Start of Task inputs

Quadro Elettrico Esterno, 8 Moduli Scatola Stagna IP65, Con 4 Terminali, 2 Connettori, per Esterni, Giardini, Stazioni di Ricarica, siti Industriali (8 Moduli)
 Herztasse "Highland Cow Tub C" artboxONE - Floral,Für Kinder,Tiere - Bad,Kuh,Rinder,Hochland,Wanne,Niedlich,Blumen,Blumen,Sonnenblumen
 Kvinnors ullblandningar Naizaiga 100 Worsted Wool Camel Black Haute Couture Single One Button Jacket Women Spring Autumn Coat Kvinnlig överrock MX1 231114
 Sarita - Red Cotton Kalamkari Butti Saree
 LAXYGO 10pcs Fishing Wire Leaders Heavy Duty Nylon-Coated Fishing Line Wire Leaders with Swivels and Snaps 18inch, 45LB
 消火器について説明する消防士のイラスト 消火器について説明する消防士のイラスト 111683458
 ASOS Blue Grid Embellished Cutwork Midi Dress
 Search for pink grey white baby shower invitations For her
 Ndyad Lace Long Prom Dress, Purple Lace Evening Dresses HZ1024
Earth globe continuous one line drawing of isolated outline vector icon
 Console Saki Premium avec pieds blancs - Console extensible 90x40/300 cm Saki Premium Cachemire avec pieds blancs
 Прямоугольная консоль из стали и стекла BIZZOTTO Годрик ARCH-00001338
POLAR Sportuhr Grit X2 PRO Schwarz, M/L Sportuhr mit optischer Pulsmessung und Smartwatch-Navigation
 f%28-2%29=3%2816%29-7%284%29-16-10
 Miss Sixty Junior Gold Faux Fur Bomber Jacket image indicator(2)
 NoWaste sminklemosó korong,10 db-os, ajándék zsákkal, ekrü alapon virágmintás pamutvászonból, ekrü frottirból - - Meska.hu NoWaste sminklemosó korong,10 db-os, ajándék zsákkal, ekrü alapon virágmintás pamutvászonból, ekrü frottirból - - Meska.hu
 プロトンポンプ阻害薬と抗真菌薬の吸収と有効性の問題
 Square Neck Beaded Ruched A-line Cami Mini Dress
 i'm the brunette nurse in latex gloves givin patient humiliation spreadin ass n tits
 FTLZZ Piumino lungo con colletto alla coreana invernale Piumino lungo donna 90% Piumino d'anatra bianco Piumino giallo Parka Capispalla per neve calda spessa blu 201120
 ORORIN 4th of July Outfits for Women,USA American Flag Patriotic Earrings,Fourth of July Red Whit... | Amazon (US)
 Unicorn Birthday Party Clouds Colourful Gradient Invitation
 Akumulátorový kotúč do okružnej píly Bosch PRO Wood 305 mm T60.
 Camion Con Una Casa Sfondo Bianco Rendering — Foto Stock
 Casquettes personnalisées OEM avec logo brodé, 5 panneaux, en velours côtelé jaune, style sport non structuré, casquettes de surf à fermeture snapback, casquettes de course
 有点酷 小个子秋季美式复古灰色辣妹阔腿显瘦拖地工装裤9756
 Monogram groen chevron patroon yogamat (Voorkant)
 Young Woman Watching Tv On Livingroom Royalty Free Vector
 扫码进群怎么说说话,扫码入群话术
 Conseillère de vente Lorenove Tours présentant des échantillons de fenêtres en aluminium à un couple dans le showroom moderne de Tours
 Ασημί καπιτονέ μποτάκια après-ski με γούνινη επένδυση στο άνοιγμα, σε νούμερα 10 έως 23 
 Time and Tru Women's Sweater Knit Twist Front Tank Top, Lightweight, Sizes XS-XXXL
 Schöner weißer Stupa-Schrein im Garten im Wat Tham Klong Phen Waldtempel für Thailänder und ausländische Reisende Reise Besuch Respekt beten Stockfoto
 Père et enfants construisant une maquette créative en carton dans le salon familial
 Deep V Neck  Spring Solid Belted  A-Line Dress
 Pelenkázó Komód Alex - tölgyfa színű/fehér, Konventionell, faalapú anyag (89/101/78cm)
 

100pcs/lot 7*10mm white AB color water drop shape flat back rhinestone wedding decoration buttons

End of Task inputs

What the task requires -
Lines from the start of the entries through the one containing "Kvinnors ullblandningar Naizaiga" are to be set down again exactly, both ends included.

Task result -
Quadro Elettrico Esterno, 8 Moduli Scatola Stagna IP65, Con 4 Terminali, 2 Connettori, per Esterni, Giardini, Stazioni di Ricarica, siti Industriali (8 Moduli)
 Herztasse "Highland Cow Tub C" artboxONE - Floral,Für Kinder,Tiere - Bad,Kuh,Rinder,Hochland,Wanne,Niedlich,Blumen,Blumen,Sonnenblumen
 Kvinnors ullblandningar Naizaiga 100 Worsted Wool Camel Black Haute Couture Single One Button Jacket Women Spring Autumn Coat Kvinnlig överrock MX1 231114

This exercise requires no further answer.